▸ **REQUIRED ACTION**
The lines needed run from the one that contains "Modern kitchen remodel" through the end of the material below, both included; write them out exactly, with no pictures.

▸ **SUPPLIED INFORMATION**
((

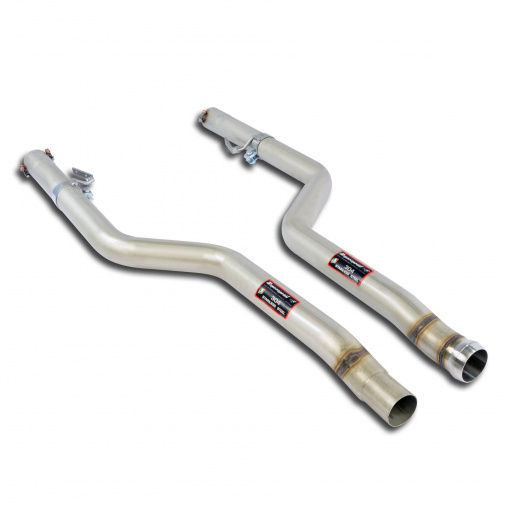 Supersprint Front pipe kit Right - Left(Replaces catalytic converter)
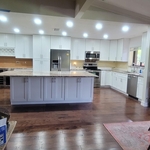 Modern kitchen remodel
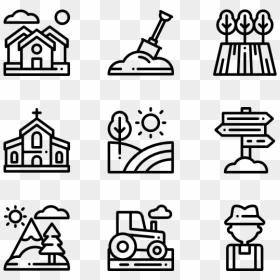 Warehouse Vector Icon - Education Icon Free, HD Png Download - warehouse icon png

))

▸ **RESPONSE TO THIS EXERCISE**
 Modern kitchen remodel
 Warehouse Vector Icon - Education Icon Free, HD Png Download - warehouse icon png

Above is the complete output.